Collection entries

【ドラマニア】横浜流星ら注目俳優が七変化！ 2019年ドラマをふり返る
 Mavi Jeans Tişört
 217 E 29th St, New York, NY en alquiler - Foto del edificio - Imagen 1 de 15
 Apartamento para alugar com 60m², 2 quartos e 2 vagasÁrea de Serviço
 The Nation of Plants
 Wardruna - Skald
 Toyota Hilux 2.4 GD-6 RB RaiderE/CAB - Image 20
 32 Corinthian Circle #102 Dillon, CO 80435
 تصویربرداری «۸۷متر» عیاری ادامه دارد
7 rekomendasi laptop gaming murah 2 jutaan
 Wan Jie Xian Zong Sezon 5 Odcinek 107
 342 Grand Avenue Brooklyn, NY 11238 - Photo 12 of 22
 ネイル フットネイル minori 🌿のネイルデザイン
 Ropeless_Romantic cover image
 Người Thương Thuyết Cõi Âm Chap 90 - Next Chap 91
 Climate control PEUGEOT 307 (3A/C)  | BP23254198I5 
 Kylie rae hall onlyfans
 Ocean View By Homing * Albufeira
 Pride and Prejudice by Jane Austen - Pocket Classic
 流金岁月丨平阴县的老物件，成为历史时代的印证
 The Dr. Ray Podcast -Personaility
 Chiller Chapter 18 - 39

→ **Task instructions**:
Write out all of the records exactly as they stand above.

→ **Response to this exercise**:
【ドラマニア】横浜流星ら注目俳優が七変化！ 2019年ドラマをふり返る
 Mavi Jeans Tişört
 217 E 29th St, New York, NY en alquiler - Foto del edificio - Imagen 1 de 15
 Apartamento para alugar com 60m², 2 quartos e 2 vagasÁrea de Serviço
 The Nation of Plants
 Wardruna - Skald
 Toyota Hilux 2.4 GD-6 RB RaiderE/CAB - Image 20
 32 Corinthian Circle #102 Dillon, CO 80435
 تصویربرداری «۸۷متر» عیاری ادامه دارد
7 rekomendasi laptop gaming murah 2 jutaan
 Wan Jie Xian Zong Sezon 5 Odcinek 107
 342 Grand Avenue Brooklyn, NY 11238 - Photo 12 of 22
 ネイル フットネイル minori 🌿のネイルデザイン
 Ropeless_Romantic cover image
 Người Thương Thuyết Cõi Âm Chap 90 - Next Chap 91
 Climate control PEUGEOT 307 (3A/C)  | BP23254198I5 
 Kylie rae hall onlyfans
 Ocean View By Homing * Albufeira
 Pride and Prejudice by Jane Austen - Pocket Classic
 流金岁月丨平阴县的老物件，成为历史时代的印证
 The Dr. Ray Podcast -Personaility
 Chiller Chapter 18 - 39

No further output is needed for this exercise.